As the owner of an Indian-based web and mobile development firm that has recently been going through the sale process, as well as an American cloud-based company we sold, I know what information you are looking for.
It's great that you are planning ahead 3-4 years. That's a great start. The best way to maximize the valuation of your company during the sale is to generate recurring revenue leading to sustainable profits in the 20%+ range. You should examine ways to generate recurring revenue from your clients and not depend solely on their returning for a rebuild years after the initial engagement. Consider a support package, or some value-added services on a subscription basis such as SEO, technical support, server management, etc. If your firm doesn't have those skills, you should consider partnering with another firm who can offer them under your brand.

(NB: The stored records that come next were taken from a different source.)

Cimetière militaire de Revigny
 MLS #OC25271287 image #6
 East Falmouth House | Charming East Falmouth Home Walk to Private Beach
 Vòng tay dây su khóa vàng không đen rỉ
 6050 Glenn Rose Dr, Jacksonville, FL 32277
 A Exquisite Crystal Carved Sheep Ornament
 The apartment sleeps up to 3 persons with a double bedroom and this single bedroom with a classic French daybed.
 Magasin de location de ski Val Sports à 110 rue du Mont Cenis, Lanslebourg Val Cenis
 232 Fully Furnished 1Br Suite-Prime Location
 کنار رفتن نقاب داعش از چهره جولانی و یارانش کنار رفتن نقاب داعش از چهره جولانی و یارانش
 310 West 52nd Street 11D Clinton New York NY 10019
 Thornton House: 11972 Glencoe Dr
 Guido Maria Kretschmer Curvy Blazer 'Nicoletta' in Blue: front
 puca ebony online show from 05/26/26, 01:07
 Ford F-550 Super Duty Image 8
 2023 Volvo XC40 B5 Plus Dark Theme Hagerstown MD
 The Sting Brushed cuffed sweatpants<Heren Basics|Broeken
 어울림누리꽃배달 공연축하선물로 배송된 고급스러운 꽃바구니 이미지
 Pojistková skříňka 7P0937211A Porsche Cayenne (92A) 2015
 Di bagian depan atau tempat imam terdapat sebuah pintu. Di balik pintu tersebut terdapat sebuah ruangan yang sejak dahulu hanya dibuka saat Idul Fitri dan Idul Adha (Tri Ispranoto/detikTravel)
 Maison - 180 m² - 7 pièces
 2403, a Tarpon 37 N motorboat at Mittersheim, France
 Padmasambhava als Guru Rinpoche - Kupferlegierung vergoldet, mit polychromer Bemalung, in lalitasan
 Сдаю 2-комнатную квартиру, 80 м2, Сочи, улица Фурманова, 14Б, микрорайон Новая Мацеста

I suggest finding an offshore firm with a long track record and a commitment to service quality whose services you can mark up an additional 50% or so and resell. These relationships become critical to the sale process as well, so it's important to get started early and find the right partner.
There are no default ways to value your company, though there are a few accepted valuation methods. It will be largely up to you, as the business seller, to make and negotiate your position and shop around for different buyers. What I can tell you for certain is that you will be in a weak position if you don't get recurring revenue in place. Even moderate recurring revenue can generate 2x returns on your valuation. You should have at least 2 years of solid growth in these revenue channels before you approach buyers.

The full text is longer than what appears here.